◆ **Exercise**
Each entry needs to be retyped exactly.

[Brief descriptive captions]
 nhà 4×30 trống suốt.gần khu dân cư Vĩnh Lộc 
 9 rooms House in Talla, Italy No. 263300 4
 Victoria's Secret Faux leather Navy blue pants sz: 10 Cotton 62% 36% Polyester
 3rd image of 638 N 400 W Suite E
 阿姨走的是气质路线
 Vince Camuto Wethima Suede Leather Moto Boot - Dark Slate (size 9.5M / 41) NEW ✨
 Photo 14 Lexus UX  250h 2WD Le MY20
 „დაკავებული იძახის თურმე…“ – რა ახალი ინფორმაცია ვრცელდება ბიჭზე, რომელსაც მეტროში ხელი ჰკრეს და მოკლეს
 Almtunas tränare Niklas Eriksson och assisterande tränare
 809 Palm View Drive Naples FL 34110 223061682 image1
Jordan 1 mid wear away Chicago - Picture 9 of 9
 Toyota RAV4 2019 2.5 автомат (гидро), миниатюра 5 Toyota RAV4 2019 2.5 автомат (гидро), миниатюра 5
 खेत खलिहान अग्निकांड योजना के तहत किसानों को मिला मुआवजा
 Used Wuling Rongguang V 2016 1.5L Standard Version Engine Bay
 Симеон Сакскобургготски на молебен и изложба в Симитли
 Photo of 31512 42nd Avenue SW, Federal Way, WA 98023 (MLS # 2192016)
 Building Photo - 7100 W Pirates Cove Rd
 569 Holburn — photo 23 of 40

◆ **Result**
 nhà 4×30 trống suốt.gần khu dân cư Vĩnh Lộc 
 9 rooms House in Talla, Italy No. 263300 4
 Victoria's Secret Faux leather Navy blue pants sz: 10 Cotton 62% 36% Polyester
 3rd image of 638 N 400 W Suite E
 阿姨走的是气质路线
 Vince Camuto Wethima Suede Leather Moto Boot - Dark Slate (size 9.5M / 41) NEW ✨
 Photo 14 Lexus UX  250h 2WD Le MY20
 „დაკავებული იძახის თურმე…“ – რა ახალი ინფორმაცია ვრცელდება ბიჭზე, რომელსაც მეტროში ხელი ჰკრეს და მოკლეს
 Almtunas tränare Niklas Eriksson och assisterande tränare
 809 Palm View Drive Naples FL 34110 223061682 image1
Jordan 1 mid wear away Chicago - Picture 9 of 9
 Toyota RAV4 2019 2.5 автомат (гидро), миниатюра 5 Toyota RAV4 2019 2.5 автомат (гидро), миниатюра 5
 खेत खलिहान अग्निकांड योजना के तहत किसानों को मिला मुआवजा
 Used Wuling Rongguang V 2016 1.5L Standard Version Engine Bay
 Симеон Сакскобургготски на молебен и изложба в Симитли
 Photo of 31512 42nd Avenue SW, Federal Way, WA 98023 (MLS # 2192016)
 Building Photo - 7100 W Pirates Cove Rd
 569 Holburn — photo 23 of 40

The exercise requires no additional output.